EXERCISE PROMPT: As the answer, give exactly the lines of the records below from the one with "So here is 8" through the one with "As mentioned in", ends included and pictures left out.

=======

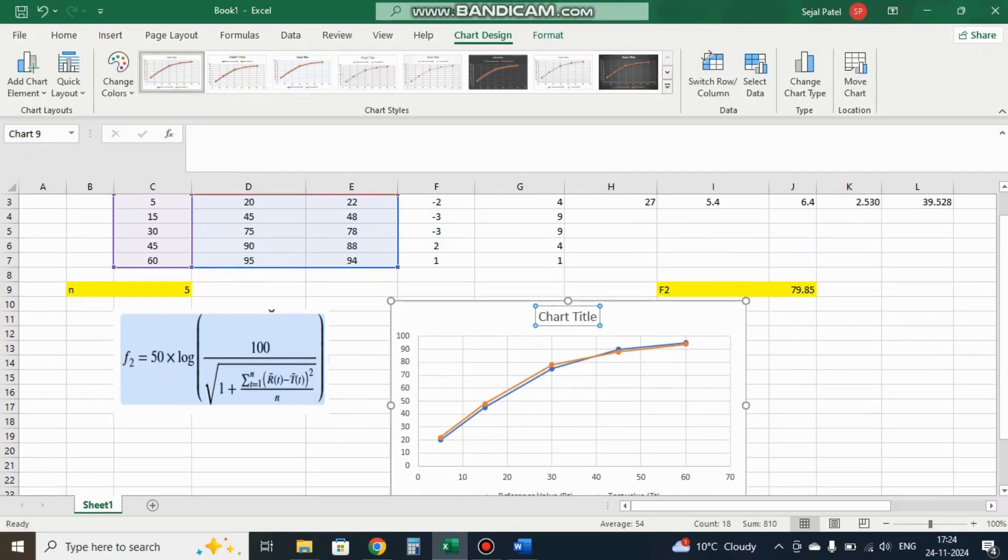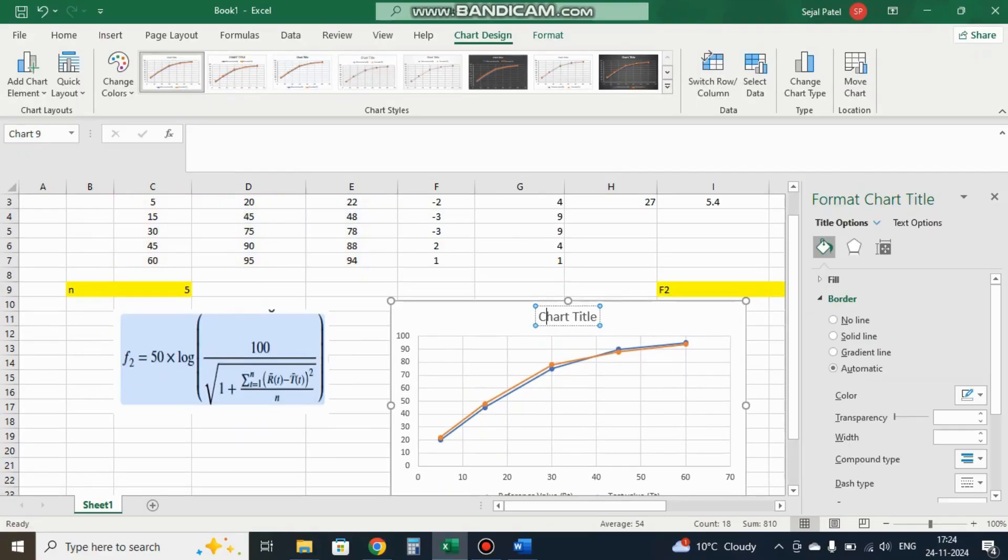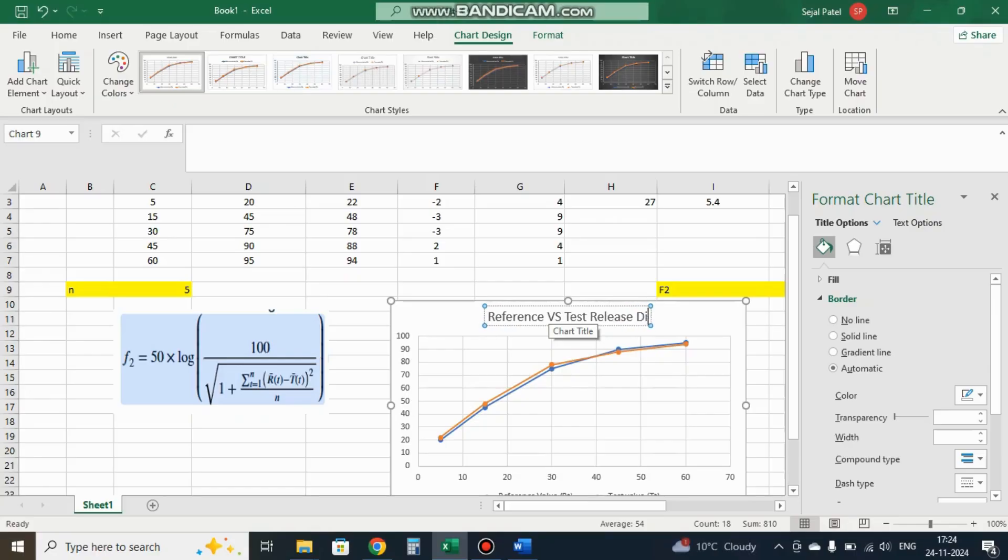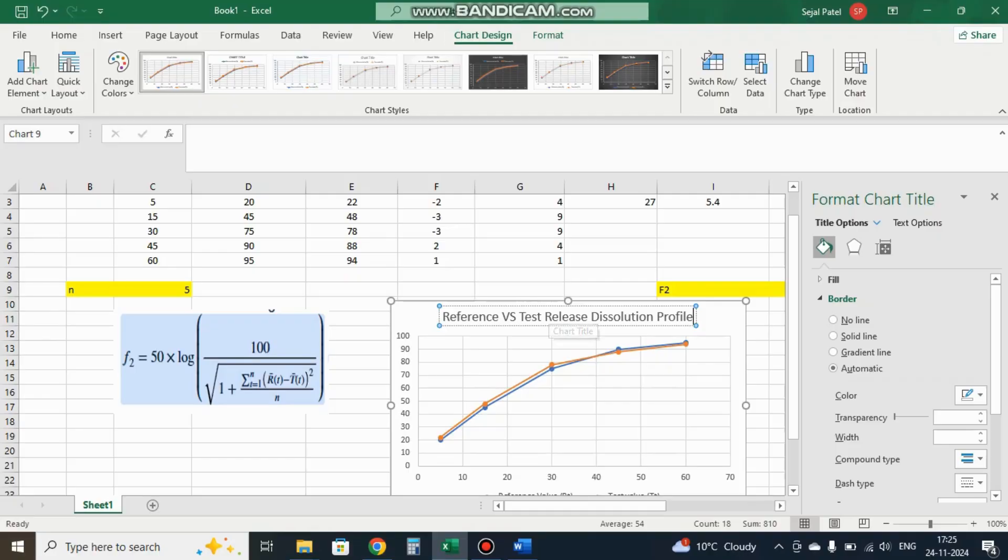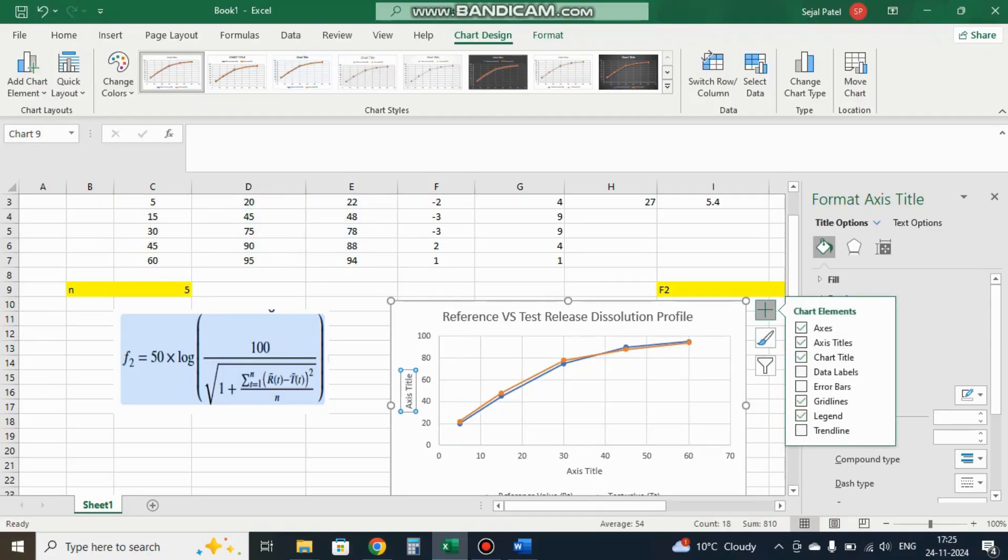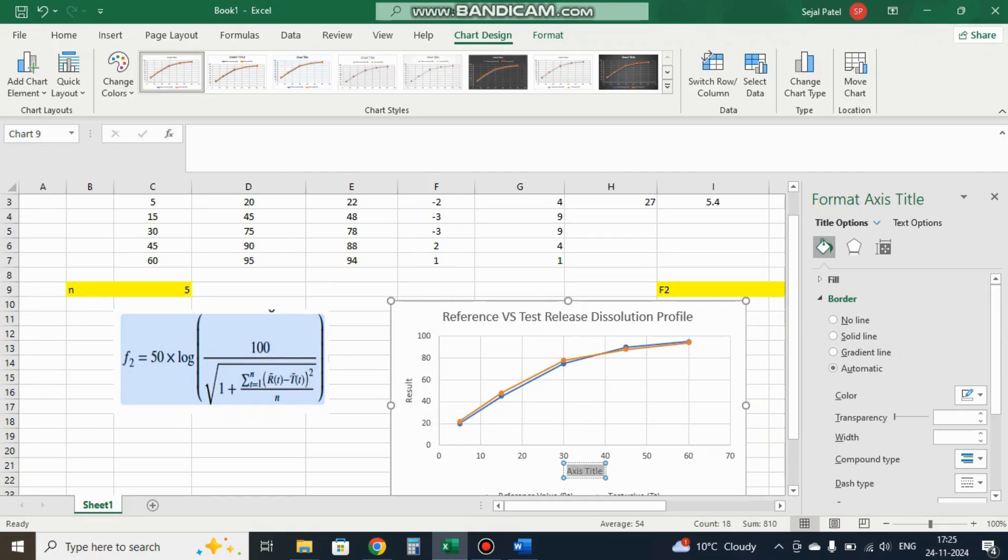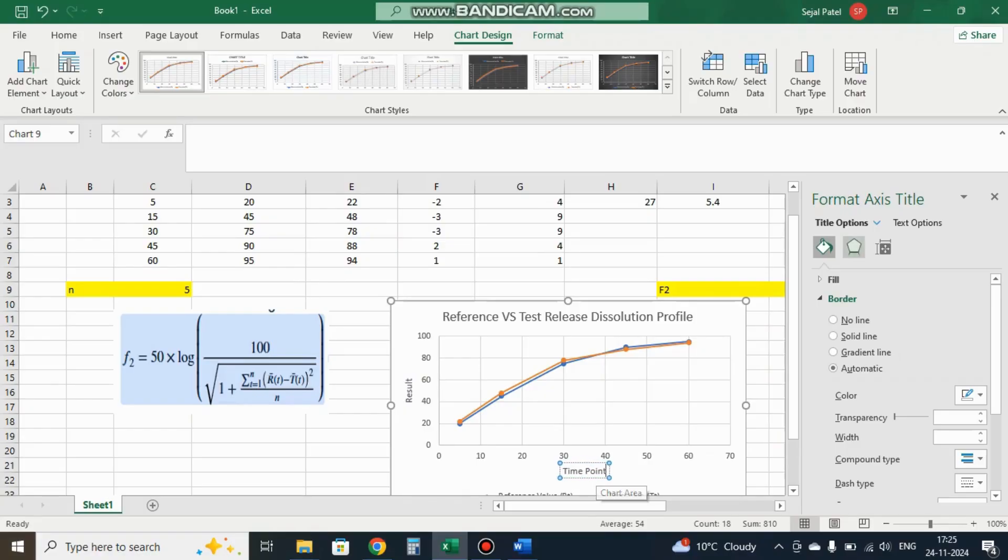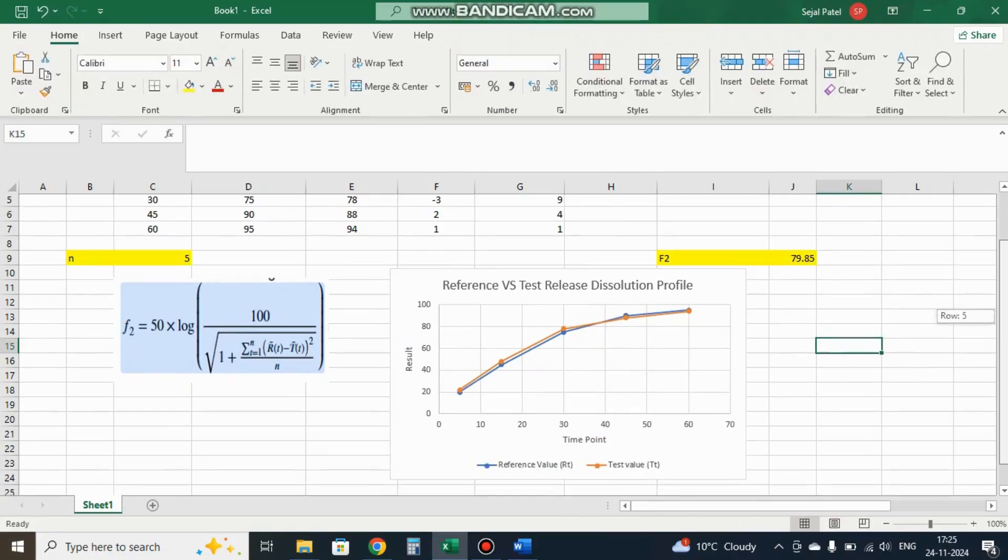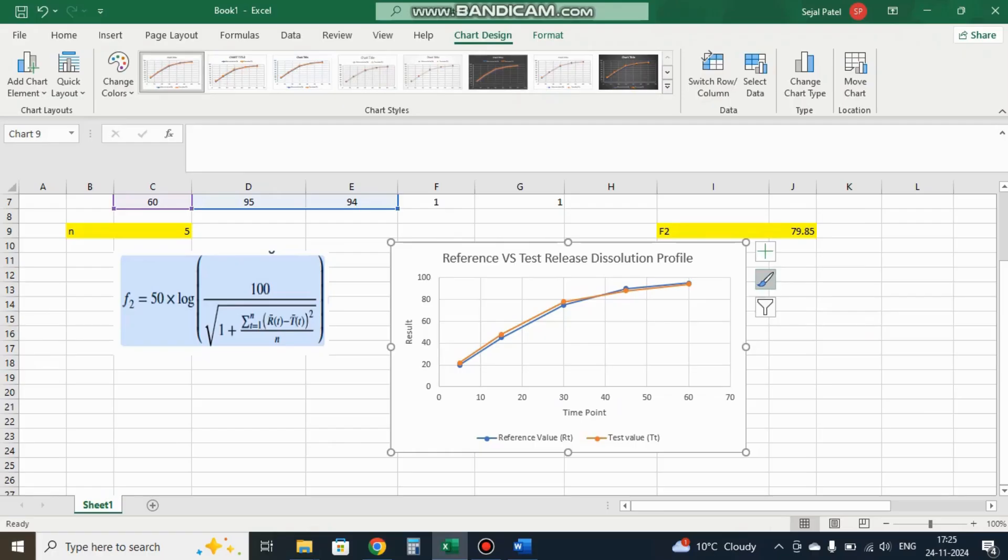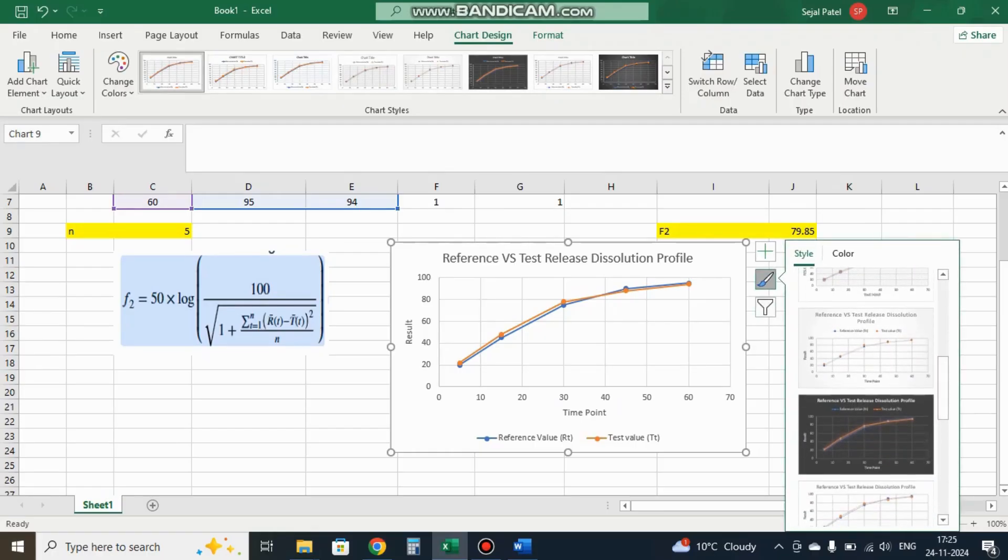We add a title: Reference versus Test Release Dissolution Profile. Then we add axis titles: y-axis is Result and x-axis is Time Point. You can change the colors according to your requirements. Now our F2 calculation and release pattern graph is ready.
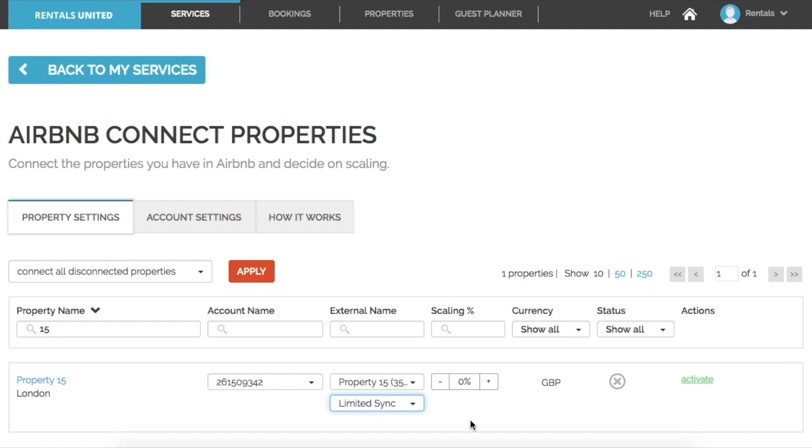Once all this information has been selected, you can then activate the property over here which will automatically map the property on Airbnb.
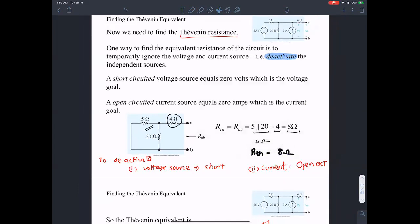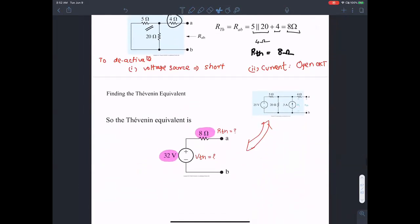So here is 8 ohms — the series resistance — and 32 volts for V_Thevenin. That is the Thevenin equivalent of the entire circuit.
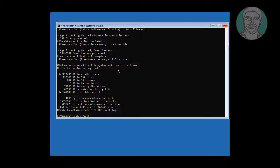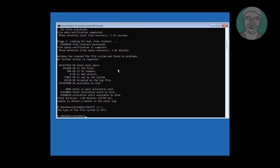Then type: chkntfs /x C: — then exit and start Windows.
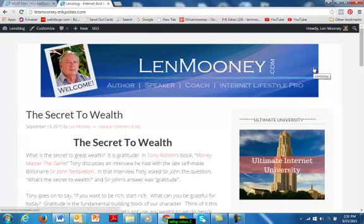There's a link on this page somewhere, depending on where you're seeing this video — either below the video, above it, or in the blog post — that you can click on and get further information about MLSP and MLSP Sites. So click on the link, go check it out. We'll talk again. This is Len. Bye for now.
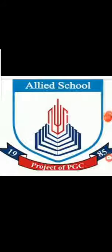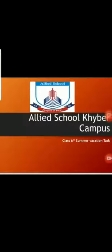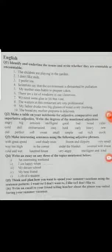Assalamu alaikum dear students, how are you all? Hope you will be safe and sound at your homes. Students, first of all take out your copies allotted for the summer vacation task of English, and take out your summer vacation task. In today's class we'll do question number two.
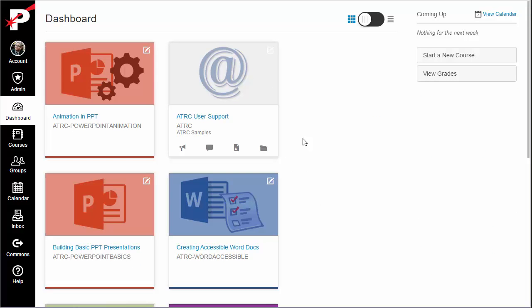Canvas allows any dimensions of image to be set as the dashboard card image. However, for better results, you should create your image so that it will match the resolution ratio of the dashboard cards. It would also be wise to keep your file size small. Even if Canvas allows you to upload a 50 megabyte image file, that still wouldn't be a good idea.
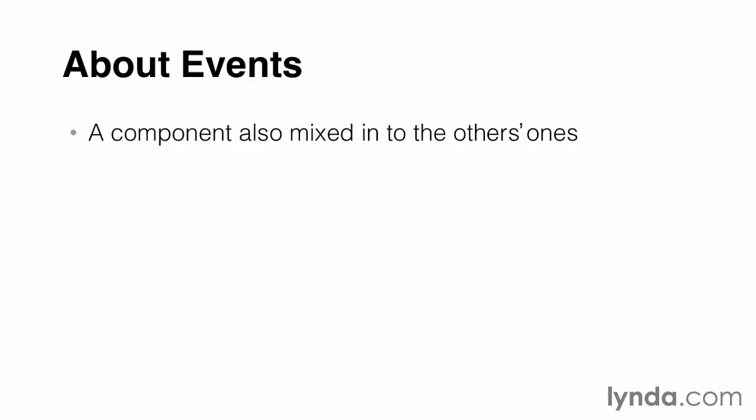As mentioned in an earlier movie, the events component is separated out into its own object. However, its core code is mixed into most of the other backbone components. So, for example, when we used the add, remove, change, and on methods while working with models in Chapter 2, we were accessing event code that was mixed into our model code.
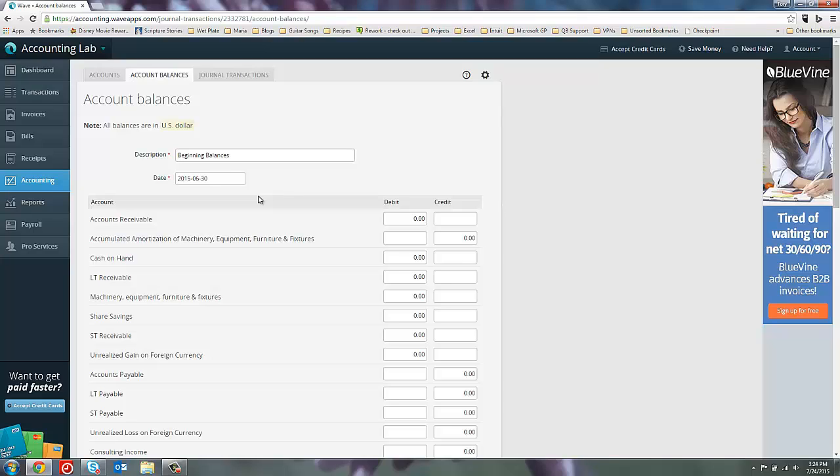However, WAVE understands that many of its users are still learning debits and credits and are not as comfortable with that concept yet. And so they've helped us by putting zeros in whichever column would represent a positive number for each of your accounts. So as you can see, accounts receivable is an asset which typically has a debit balance, so there are zeros in the debit column. Your accounts payable down below is typically a credit balance as a liability, and so the zeros are in the credit column. So that makes it very easy for you to fill in the amounts for your beginning balances even with very little knowledge in debits and credits. If you want it to be a positive number, put it where the zeros are. If you want it to be a negative number, put it where the blank is.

=======

RESPONSE TO THE TASK:
So here is 8 ohms — the series resistance — and 32 volts for V_Thevenin. That is the Thevenin equivalent of the entire circuit.
Then type: chkntfs /x C: — then exit and start Windows.
There's a link on this page somewhere, depending on where you're seeing this video — either below the video, above it, or in the blog post — that you can click on and get further information about MLSP and MLSP Sites. So click on the link, go check it out. We'll talk again. This is Len. Bye for now.
Assalamu alaikum dear students, how are you all? Hope you will be safe and sound at your homes. Students, first of all take out your copies allotted for the summer vacation task of English, and take out your summer vacation task. In today's class we'll do question number two.
Canvas allows any dimensions of image to be set as the dashboard card image. However, for better results, you should create your image so that it will match the resolution ratio of the dashboard cards. It would also be wise to keep your file size small. Even if Canvas allows you to upload a 50 megabyte image file, that still wouldn't be a good idea.
As mentioned in an earlier movie, the events component is separated out into its own object. However, its core code is mixed into most of the other backbone components. So, for example, when we used the add, remove, change, and on methods while working with models in Chapter 2, we were accessing event code that was mixed into our model code.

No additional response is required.